とにかく、こんな人物と出会っても変わりようがありません。逆に引きこもりがひどくなるばかりです。

震災への感傷に頼らないで…

終盤には心優しき老夫婦(吉澤健、風吹ジュン)の車に乗ることになります。どの台詞も聞き取りにくいですのであまりよくわかりませんでしたが、老夫婦は作っている野菜を無人販売所に置いたり、被災者(よくわからない…)に配ったりしているんだと思います。

その心優しさに打たれたのか、別れ際に陽子の方から握手を求めます。陽子が変わり始めたということでしょう。本当はもっと早くから陽子の心の揺れ(一方向ではなく…)を見せておけば序盤中盤も見られる映画になったんだと思います。

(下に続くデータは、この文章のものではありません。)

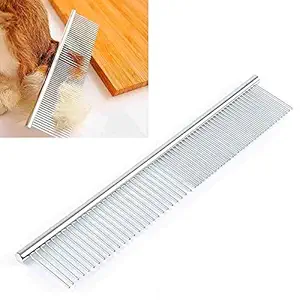 RIANZ Stainless Steel Grooming Comb for Dog/Cats and Pets (1pc)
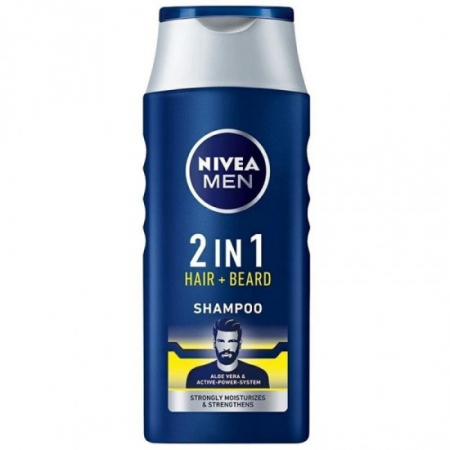Sampon - Nivea sampon 400ml 2in1 hair+beard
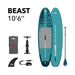 Aqua Marina Beast 10FT Advanced All-Around Inflatable SUP With Carbon Hybrid Paddle [BT-23BEP] (SAK89512) SAKSBY WHOLESALE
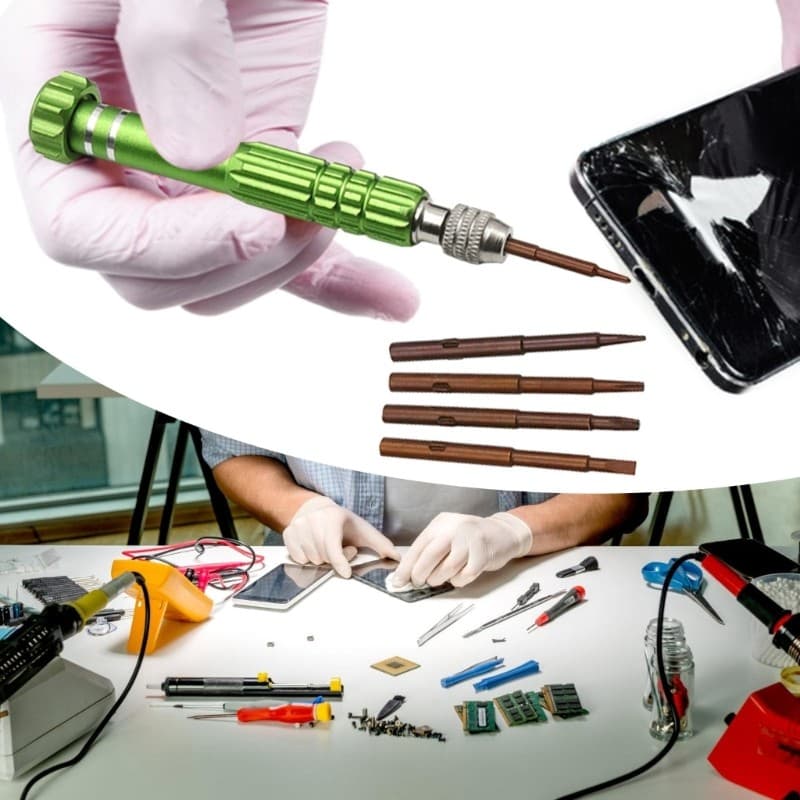 Conjunto Desmontagem Chave Fenda Precisa Estone Para Óculos Computador E Manutenção Relógios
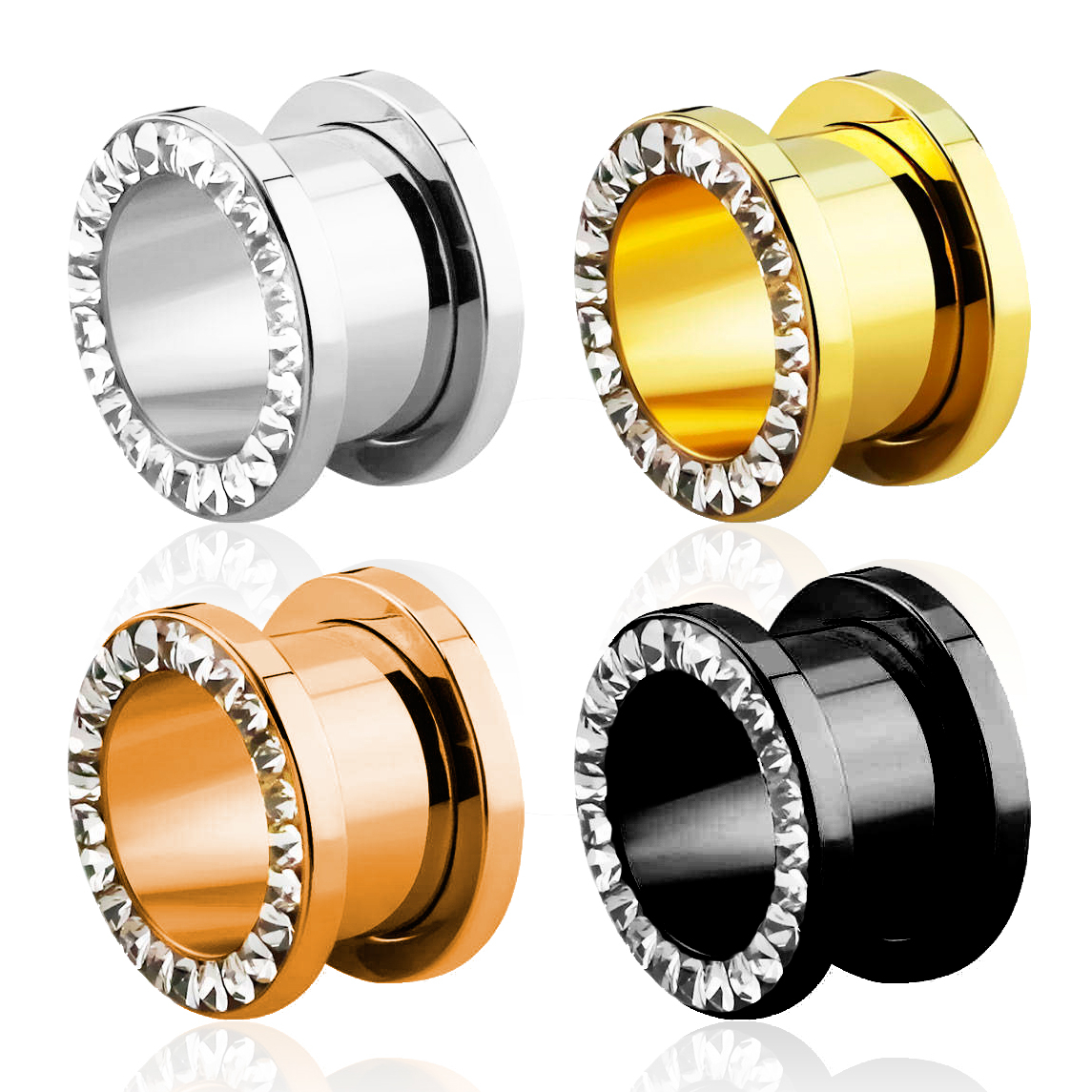 Tunel s kamínky po obvodu a závitem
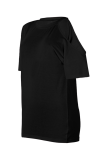 Casual Solid O Neck T-Shirts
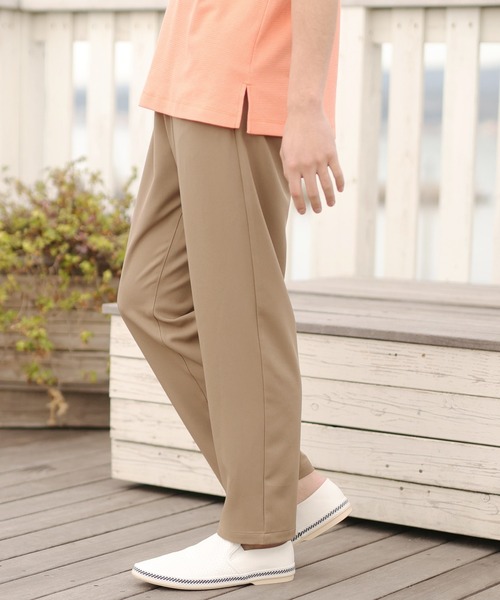 UNION STATION（ユニオンステーション）の「【セットアップ対応】ストレッチツイルイージースラックスパンツ（スラックス・メンズ・オフホワイト/グレイッシュベージュ・S/M/L）」の18枚目の写真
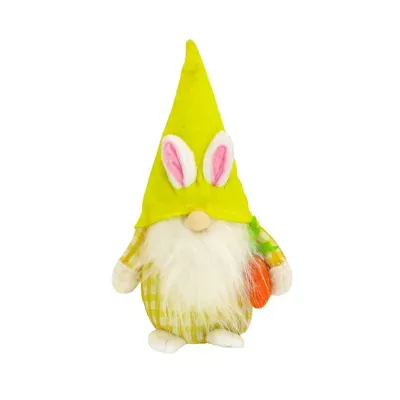 National Tree Co. Yellow Easter Bunny Gnome Tabletop Decor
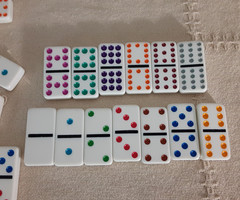 Vintage Domino Set – Pavilion Color Dot Double 12 Vinyl Case Complete 91 Pieces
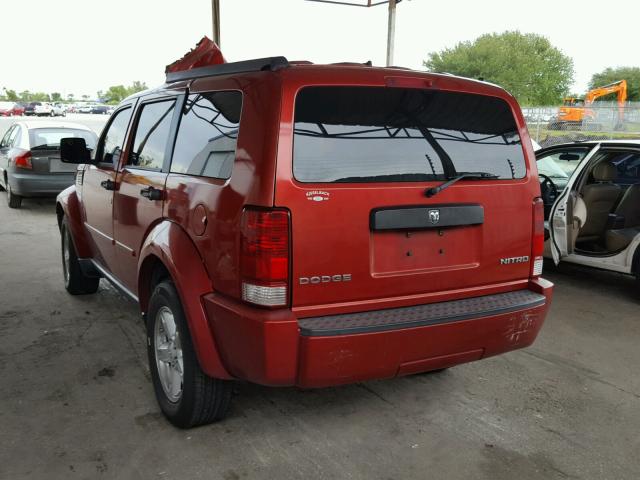 1D4PT2GK3AW104346 - 2010 DODGE NITRO BURGUNDY photo 3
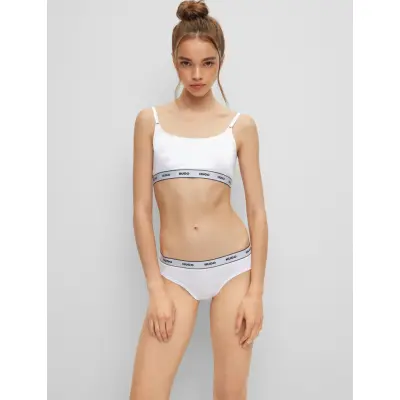 HUGO Triplet Brief Stripe - White - XXL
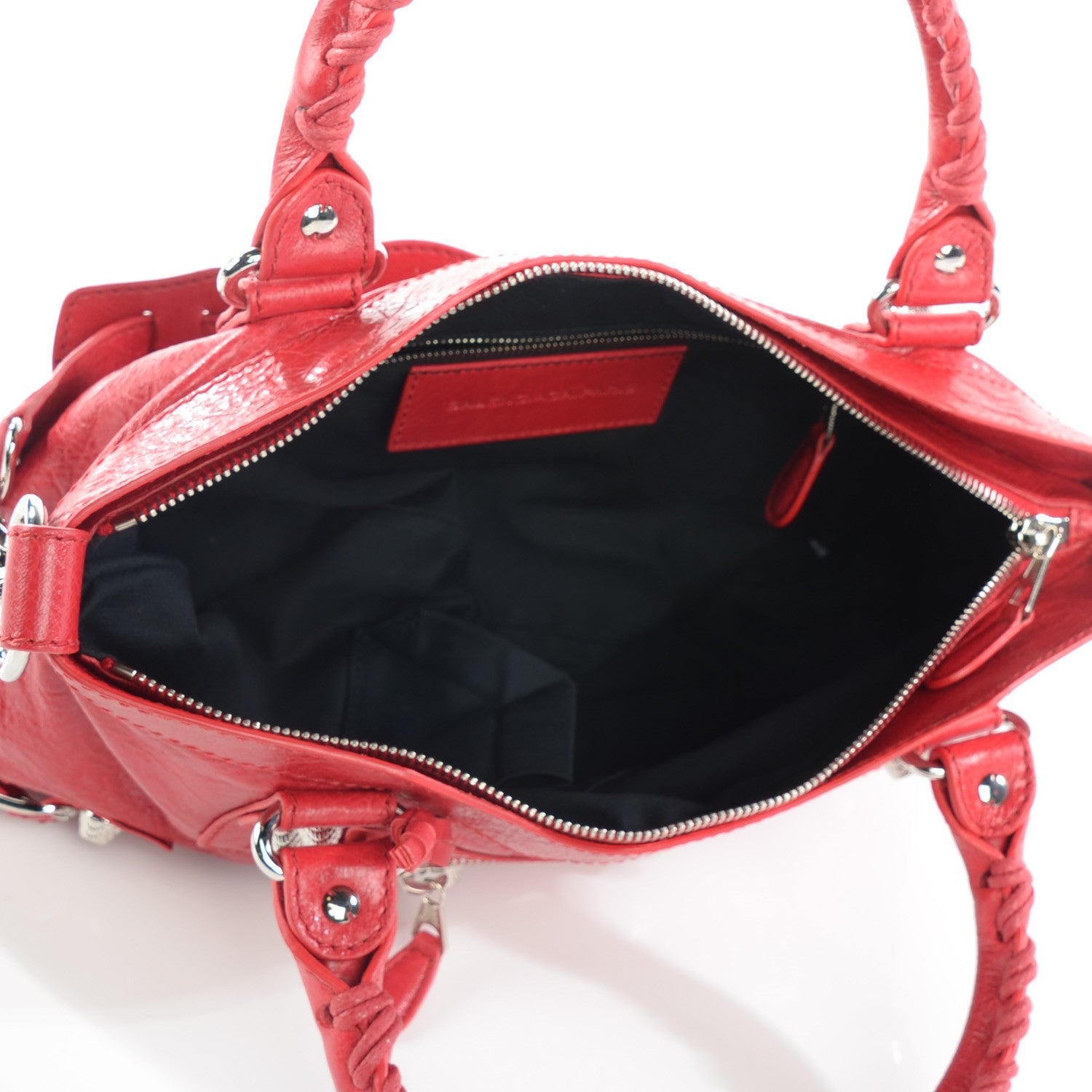 Balenciaga Agneau Giant 12 Silver Hardware First Rouge Cardinal 5 of 8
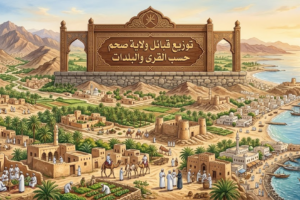 توزيع قبائل ولاية صحم حسب القرى والبلدات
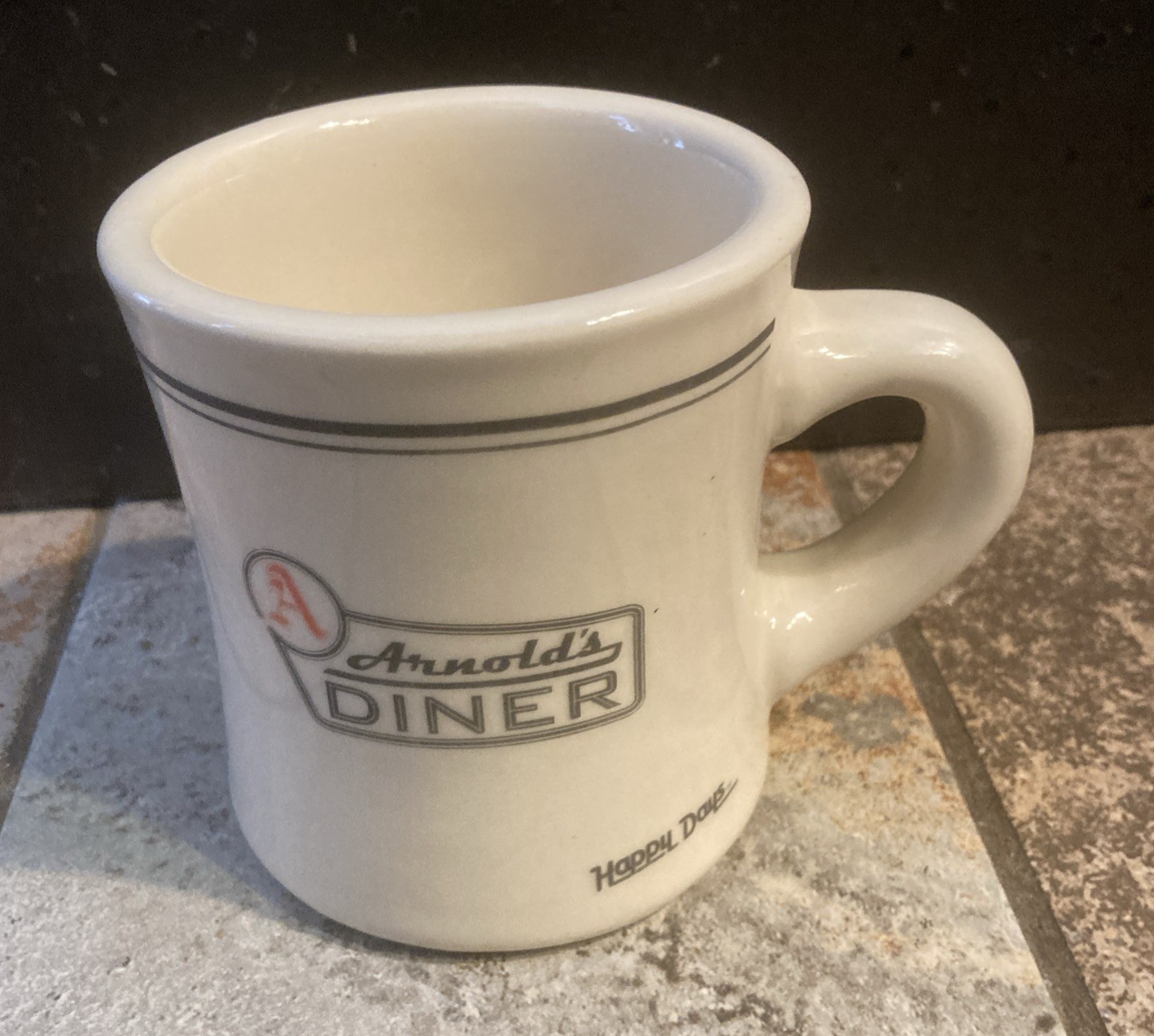 Arnold's Diner "Happy Days" Coffee Cup/Mug, Thick Ceramic Diner Mug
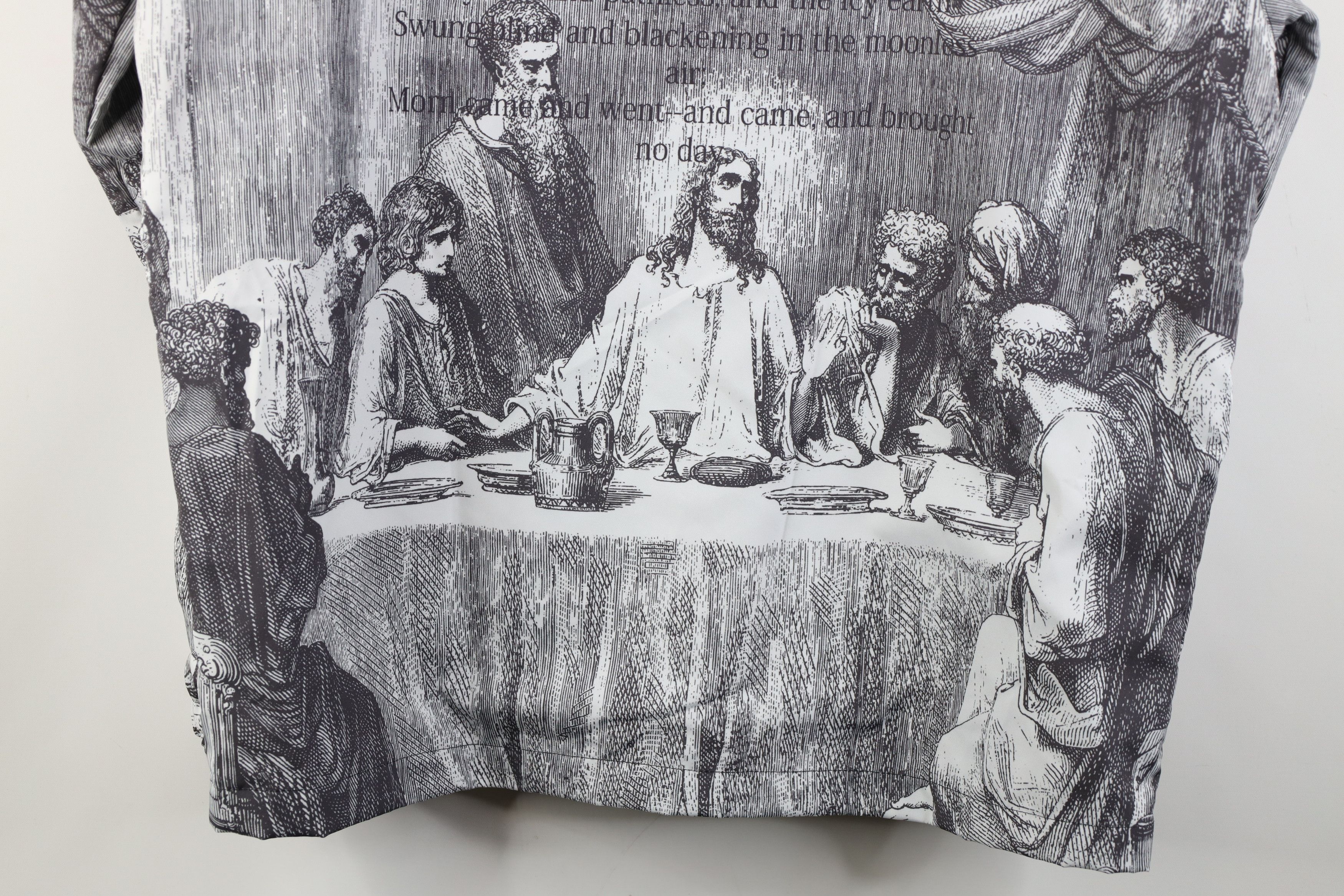 Vintage Vintage Y2K Streetwear da Vinci The Last Supper Jesus Jacket Size US L / EU 52-54 / 3 - 16 Thumbnail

菊地凛子さんがそれをやろうとしても映画自体がそれを受け止めていません。

とにかく、その老夫婦の紹介で次の車に乗ります。その女性はボランティアでこちらへ来ているうちに地元になってしまったと言っています。震災の被災地であることを見せるカットが何ヶ所か挿入されます。

そして最後です。これまで自分から声を上げて申し出ることもできなかった陽子ですが、何かが変わったのでしょう、ドライブインで必死に青森まで乗せてください!と声を上げます。中学生の男の子が「はい!」と手を上げます。いい子です。

陽子はその車の中で、乗せてくれた人たちへの感謝の言葉を語り、迷惑だと思うが聞いてほしいと自分語りを始めます。数分だったと思いますがもちろんワンカットです。ただ、内容には具体的なことはなく、要はいろんな人に出会って自分も変わろうと思うというようなことでした。

あの内容ですと、シナリオには陽子の具体的な過去は書き込まれていないかもしれないですね。

ということで、雪が降り始め、雪の中陽子が実家へ向かって歩いていく姿にタイトルが入って終わります。